Here’s my byte handling code:

var out:BytesOutput = new BytesOutput();
out.bigEndian = true;
var input:BytesInput = new BytesInput(bytes);
input.bigEndian = true;

while ((input.position + 4) <= input.length)
{
    var rgb:Int = input.readInt24();
    var a:Int = input.readByte() << 24;
    out.writeInt32(a + rgb);
}

trace("foo");

The variable bytes is just a Bytes object of the loaded file. I know that this is the code that takes time because if I comment out the loop then “foo” traces much quicker.

Any suggestions on how to speed this up would be appreciated!

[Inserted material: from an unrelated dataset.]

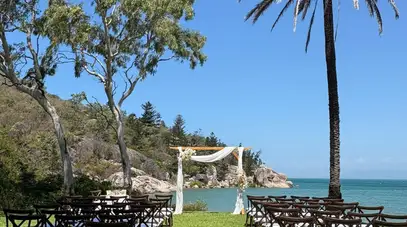 Picnic Bay Hotel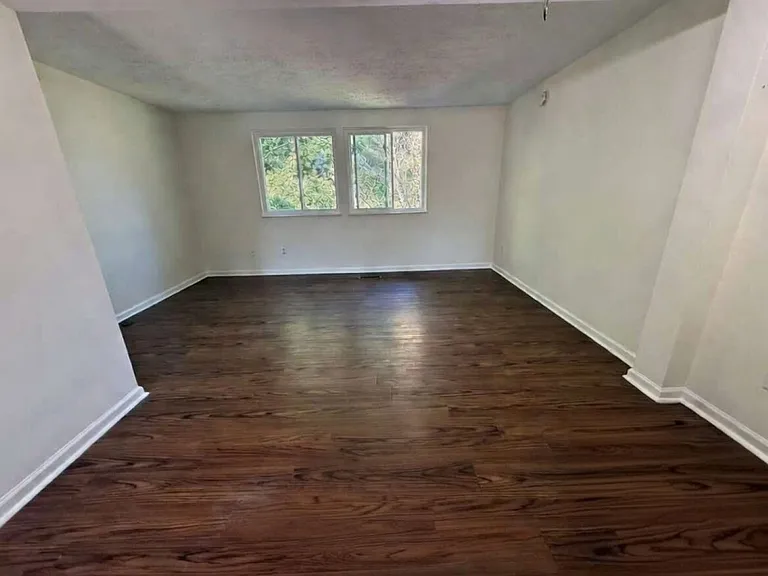 9432 Lexington Cir #G — Photo 10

There are multiple possible optimizations to suggest, but first try declaring rgb and a outside the loop.

var rgb:Int;
var a:Int;

while ((input.position + 4) <= input.length)
{
    rgb = input.readInt24();
    a = input.readByte() << 24;
    out.writeInt32(a + rgb);
}

Thanks, unfortunately that doesn’t seem to have much of an effect. It’s probably a good suggestion regardless though, so I’ll keep it like that.

Oh well. Someone had mentioned there was an issue with variables declared in loops, but I guess it’s something else.

My next suggestion is not to use the BytesOutput or BytesInput classes. They both wrap the Bytes class, adding unnecessary code to each operation.

var input:Bytes = bytes;
var output:Bytes = Bytes.alloc(input.length);
#if flash9
output.getBytes().endian = flash.utils.Endian.BIG_ENDIAN;
#end

var a:Int;
var r:Int;
var g:Int;
var b:Int;

var pos:Int = 0;
while (pos + 3 < input.length)
{
    r = input.get(pos);
    g = input.get(pos + 1);
    b = input.get(pos + 2);
    a = input.get(pos + 3);
    
    output.set(pos, a);
    output.set(pos + 1, r);
    output.set(pos + 2, g);
    output.set(pos + 3, b);
    
    pos += 4;
}

trace("foo");

Thanks! That made quite a noticeable difference, cut the time in about half, if not less (just pure memory estimation btw, I’m not benchmarking it or anything). This should hopefully be fairly sufficient, since most images shouldn’t be this large (and waiting a bit is to be expected for large images anyway).

Of course, any further optimizations would be highly appreciated; the faster the better!